TASK OBJECTIVE: Please copy the lines below, exactly as they are, from the one with "Grinderman - 2 LP" through the one with "Used Peugeot 108", and leave out the pictures.

GIVEN DATA:
------------------------------

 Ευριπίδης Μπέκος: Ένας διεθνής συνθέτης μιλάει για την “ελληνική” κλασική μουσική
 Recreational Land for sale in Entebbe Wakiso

------------------------------

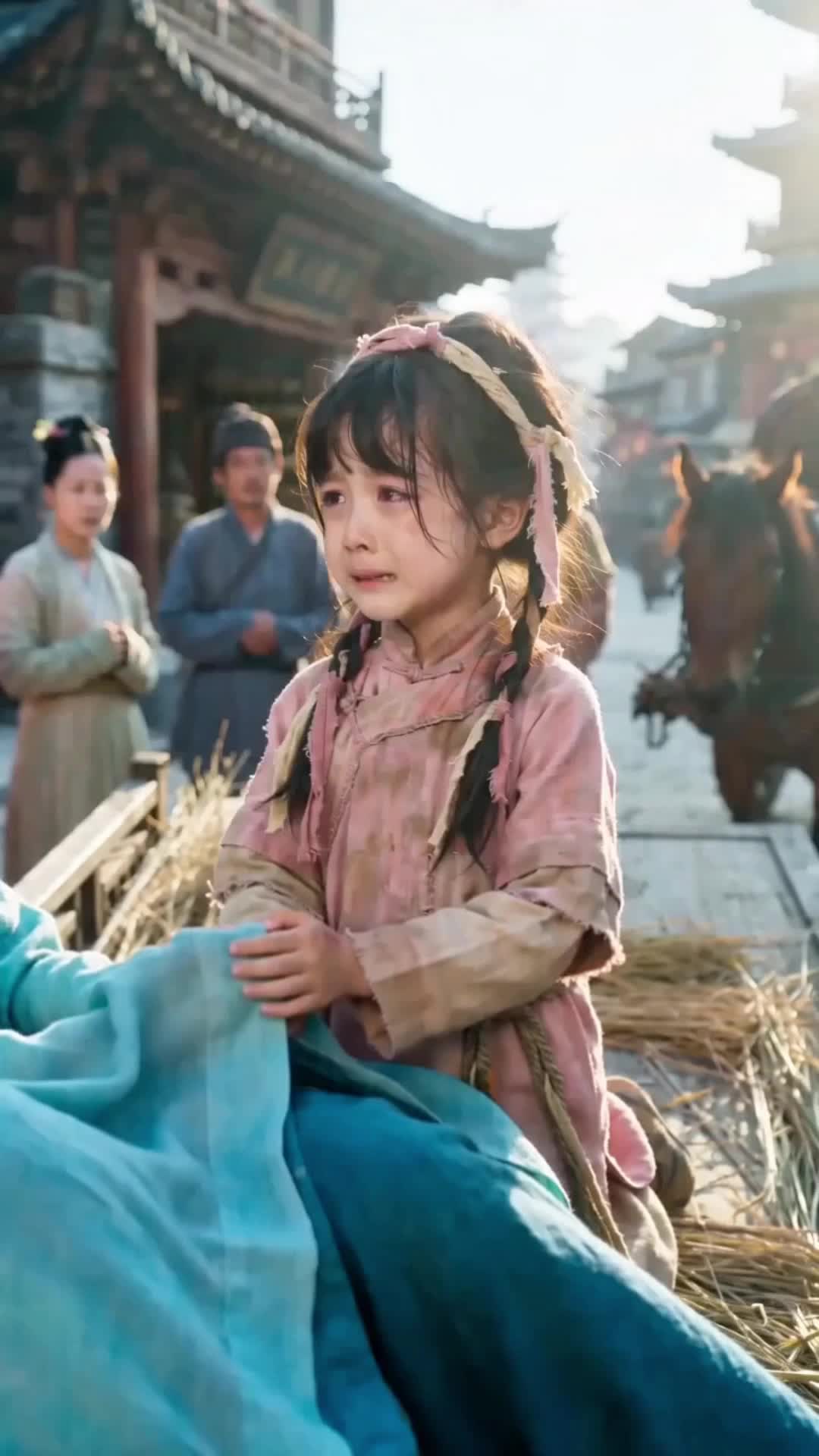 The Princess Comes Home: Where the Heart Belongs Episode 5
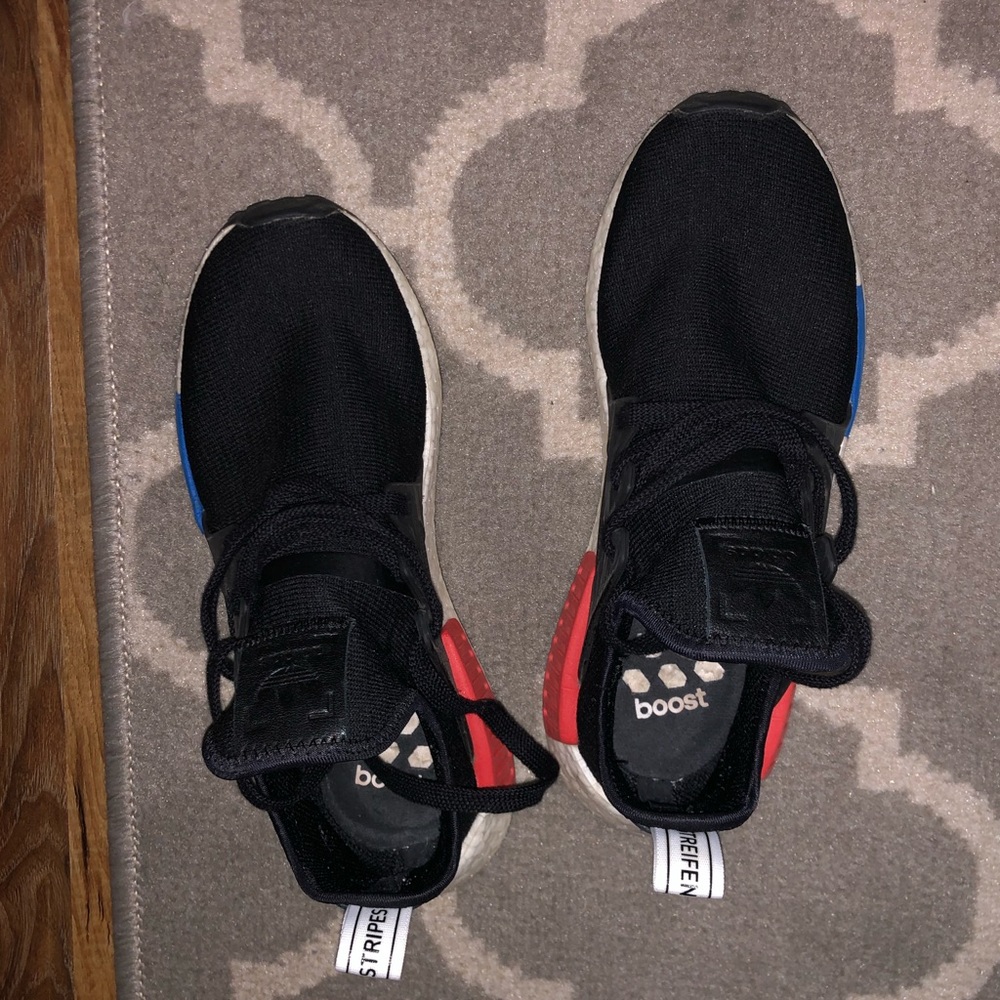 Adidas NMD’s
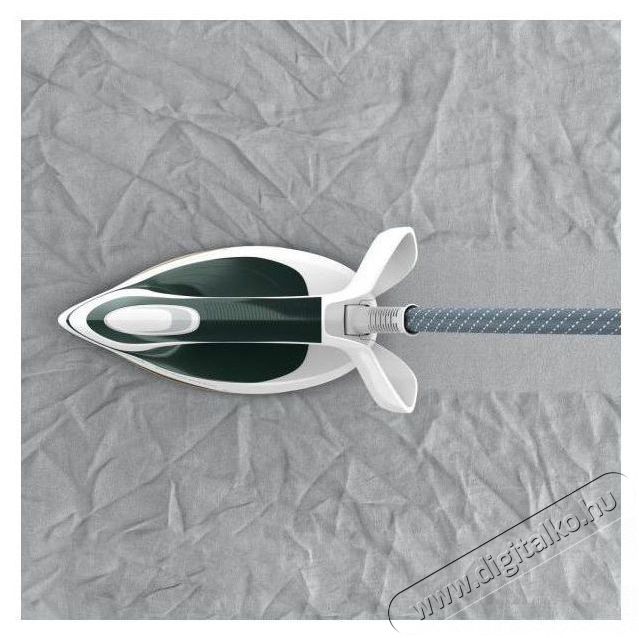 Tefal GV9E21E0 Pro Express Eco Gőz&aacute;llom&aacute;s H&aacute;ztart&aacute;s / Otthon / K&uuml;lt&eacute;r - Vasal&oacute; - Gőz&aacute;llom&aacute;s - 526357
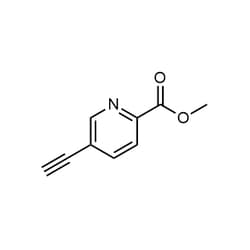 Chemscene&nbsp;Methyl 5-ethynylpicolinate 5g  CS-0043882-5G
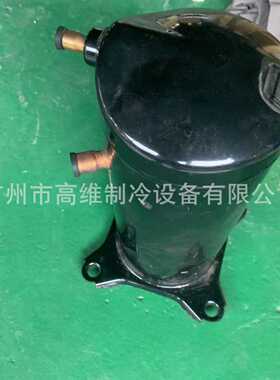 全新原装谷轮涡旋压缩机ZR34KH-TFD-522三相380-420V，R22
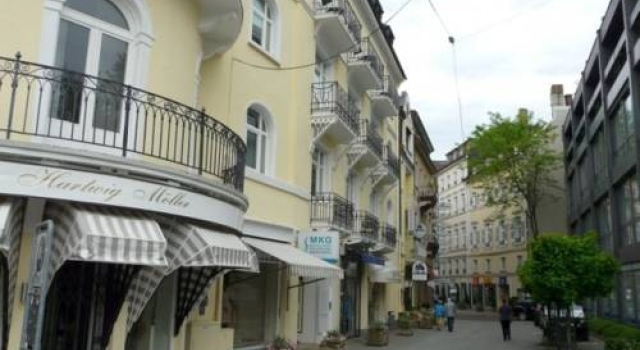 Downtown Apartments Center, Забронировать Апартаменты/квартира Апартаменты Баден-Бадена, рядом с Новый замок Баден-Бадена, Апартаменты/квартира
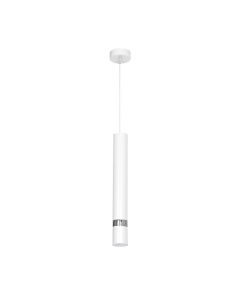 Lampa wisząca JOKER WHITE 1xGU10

------------------------------

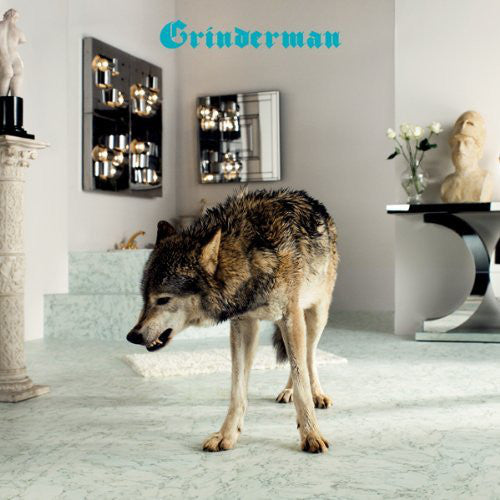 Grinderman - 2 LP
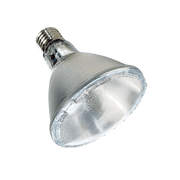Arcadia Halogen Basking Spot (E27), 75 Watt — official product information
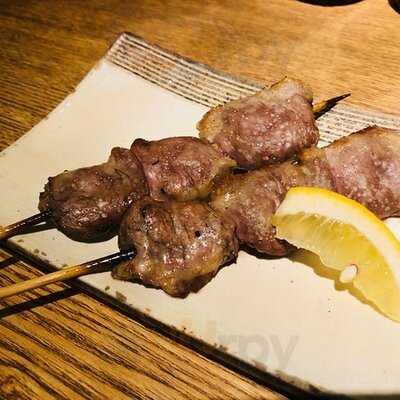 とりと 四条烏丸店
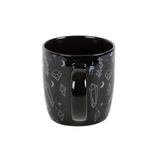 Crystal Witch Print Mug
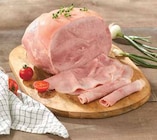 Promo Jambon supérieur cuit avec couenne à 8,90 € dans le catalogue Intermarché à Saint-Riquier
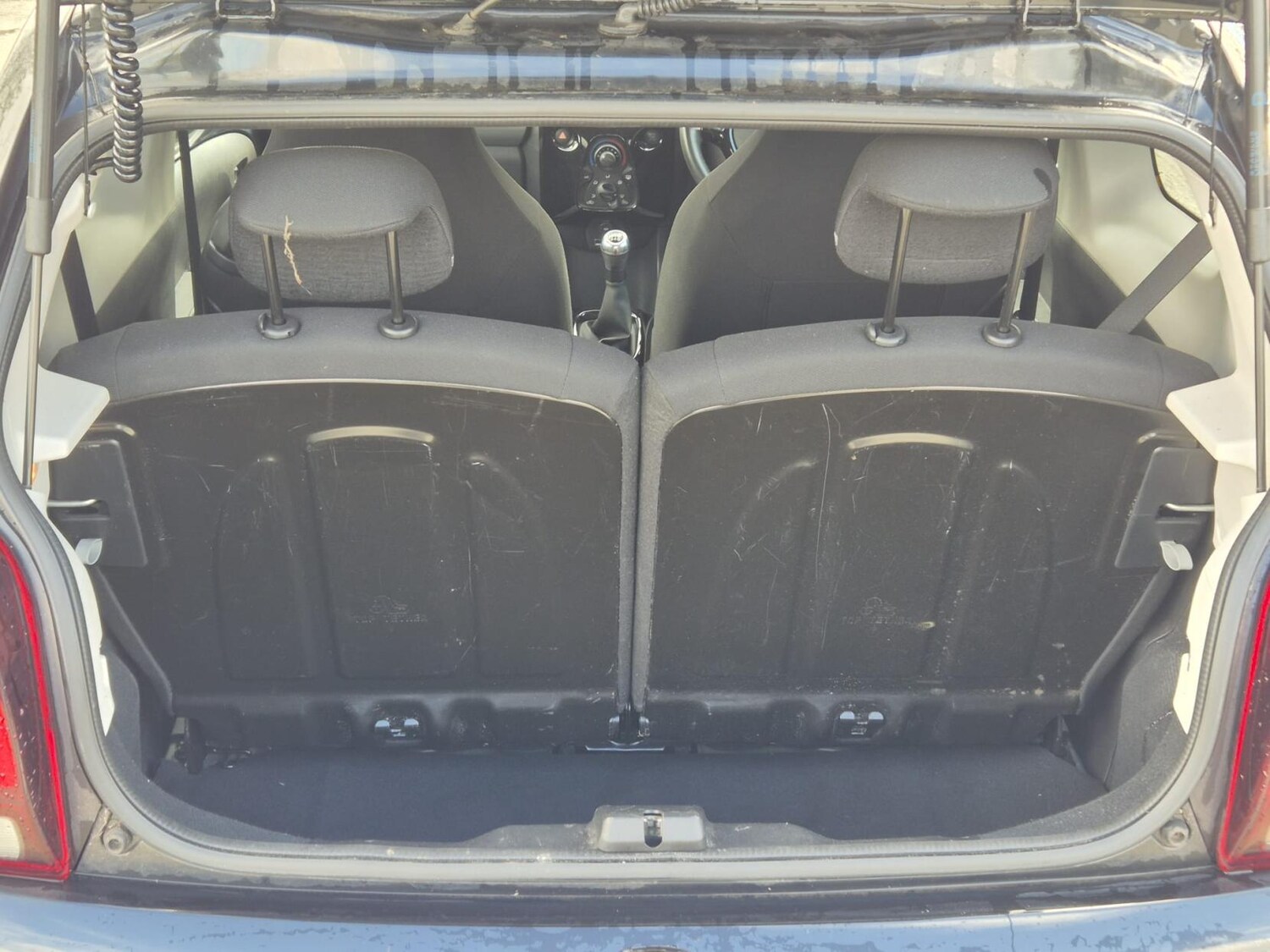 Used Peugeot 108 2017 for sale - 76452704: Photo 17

------------------------------

TASK SOLUTION:
 Grinderman - 2 LP
Arcadia Halogen Basking Spot (E27), 75 Watt — official product information
 とりと 四条烏丸店
 Crystal Witch Print Mug
 Promo Jambon supérieur cuit avec couenne à 8,90 € dans le catalogue Intermarché à Saint-Riquier
 Used Peugeot 108 2017 for sale - 76452704: Photo 17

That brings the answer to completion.